What’s the difference between a huge and heavily populated industrialized nation and a group of smaller, more traditional countries that band together and take great measures to protect their publics’ health and their environment? What’s the difference between a country whose system sometimes encourages profiteering, even at the risk of public safety, and a de facto confederation that refuses to embrace “modern” food processing practices without question? If you answered, “a whole heckuva lot,” you’d be right.

Take for instance poultry preparation. In the U.S. it is common practice to wash freshly butchered chicken carcasses in a chlorinated wash to disinfect them of Salmonella, E. coli and Campylobacter, common causes of food poisoning. Salmonella and E. coli are particularly dangerous to humans, so this practice seems prudent, right? Add to that the cost effectiveness of using chlorine (it’s cheap!) and what you’ve got is a nifty little tool for mass chicken consumption.
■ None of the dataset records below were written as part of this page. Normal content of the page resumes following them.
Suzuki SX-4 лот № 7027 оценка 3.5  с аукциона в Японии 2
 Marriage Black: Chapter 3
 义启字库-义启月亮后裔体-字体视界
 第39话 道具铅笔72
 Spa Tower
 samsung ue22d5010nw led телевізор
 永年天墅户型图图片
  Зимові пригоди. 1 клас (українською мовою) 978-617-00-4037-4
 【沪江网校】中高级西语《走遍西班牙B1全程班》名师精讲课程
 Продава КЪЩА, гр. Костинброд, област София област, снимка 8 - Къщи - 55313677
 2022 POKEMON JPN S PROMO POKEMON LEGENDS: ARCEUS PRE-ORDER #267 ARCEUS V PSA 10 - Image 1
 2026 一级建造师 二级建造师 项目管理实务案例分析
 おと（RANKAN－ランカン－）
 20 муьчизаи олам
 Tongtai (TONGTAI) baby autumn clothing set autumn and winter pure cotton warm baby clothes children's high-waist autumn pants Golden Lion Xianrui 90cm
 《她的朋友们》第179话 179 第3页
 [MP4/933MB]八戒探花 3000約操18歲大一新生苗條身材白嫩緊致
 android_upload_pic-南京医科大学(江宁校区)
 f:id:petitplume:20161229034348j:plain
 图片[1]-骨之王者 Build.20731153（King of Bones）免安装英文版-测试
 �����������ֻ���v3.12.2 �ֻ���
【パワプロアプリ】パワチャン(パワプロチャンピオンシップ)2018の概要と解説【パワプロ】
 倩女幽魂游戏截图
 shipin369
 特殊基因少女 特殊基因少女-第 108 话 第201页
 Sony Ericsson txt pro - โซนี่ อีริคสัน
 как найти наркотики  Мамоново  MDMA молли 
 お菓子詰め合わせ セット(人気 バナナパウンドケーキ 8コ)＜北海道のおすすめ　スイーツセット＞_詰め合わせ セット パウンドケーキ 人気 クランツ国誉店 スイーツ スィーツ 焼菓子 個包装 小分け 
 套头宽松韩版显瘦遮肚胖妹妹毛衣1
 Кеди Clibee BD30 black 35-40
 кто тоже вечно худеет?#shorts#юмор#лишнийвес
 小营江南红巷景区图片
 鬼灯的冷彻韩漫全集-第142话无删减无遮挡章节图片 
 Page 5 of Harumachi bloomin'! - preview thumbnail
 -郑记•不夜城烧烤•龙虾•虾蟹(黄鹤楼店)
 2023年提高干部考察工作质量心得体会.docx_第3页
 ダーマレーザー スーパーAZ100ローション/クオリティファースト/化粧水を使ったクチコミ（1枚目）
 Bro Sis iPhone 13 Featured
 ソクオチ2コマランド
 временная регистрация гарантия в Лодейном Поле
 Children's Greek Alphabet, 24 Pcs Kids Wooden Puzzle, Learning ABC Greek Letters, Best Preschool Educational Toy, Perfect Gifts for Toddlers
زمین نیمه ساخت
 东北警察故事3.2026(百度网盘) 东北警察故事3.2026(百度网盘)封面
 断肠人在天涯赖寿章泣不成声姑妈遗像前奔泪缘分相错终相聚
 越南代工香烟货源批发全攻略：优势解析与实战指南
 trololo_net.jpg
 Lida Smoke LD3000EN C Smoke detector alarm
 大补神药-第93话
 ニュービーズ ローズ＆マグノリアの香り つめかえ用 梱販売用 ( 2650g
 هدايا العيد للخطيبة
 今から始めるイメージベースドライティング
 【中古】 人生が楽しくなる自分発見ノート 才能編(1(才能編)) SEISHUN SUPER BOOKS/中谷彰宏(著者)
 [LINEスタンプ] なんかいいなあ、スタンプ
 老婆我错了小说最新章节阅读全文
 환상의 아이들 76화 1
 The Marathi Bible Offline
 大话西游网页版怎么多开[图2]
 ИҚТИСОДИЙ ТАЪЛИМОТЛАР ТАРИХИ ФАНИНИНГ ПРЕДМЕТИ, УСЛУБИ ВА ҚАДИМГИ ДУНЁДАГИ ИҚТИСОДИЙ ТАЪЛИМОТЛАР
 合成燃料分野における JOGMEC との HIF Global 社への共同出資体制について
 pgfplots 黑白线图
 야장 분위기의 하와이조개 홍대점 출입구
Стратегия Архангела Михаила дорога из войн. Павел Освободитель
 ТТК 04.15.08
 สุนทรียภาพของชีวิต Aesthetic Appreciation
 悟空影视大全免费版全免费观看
That’s what makes this country great. Everybody eats and somebody profits. Nice.

In that old fashioned land of Europa they do things a little differently. For instance, they refuse to use chemicals to clean and disinfect a carcass. Cave people. They believe instead that hygiene controls throughout the hatching and rearing cycle to better ensure that the bacteria does not develop in the first place. How yesterday. And they are very adamantly rejecting a proposed lifting of a decade-old import ban on poultry products from the U.S.

Of course, some people and some groups are muy pissed off, like, for instance, American poultry farmers. You don’t say. And a couple European folk are PO’d, too. Like EU Industry Commissioner Guenter Verheugen, who promised his buds in the U.S. that he would work to get the ban lifted. Hey, wouldn’t you be a bit annoyed if you were losing $180 million a year? I would. So, why can’t those sore sports just buck up and buy our chickens?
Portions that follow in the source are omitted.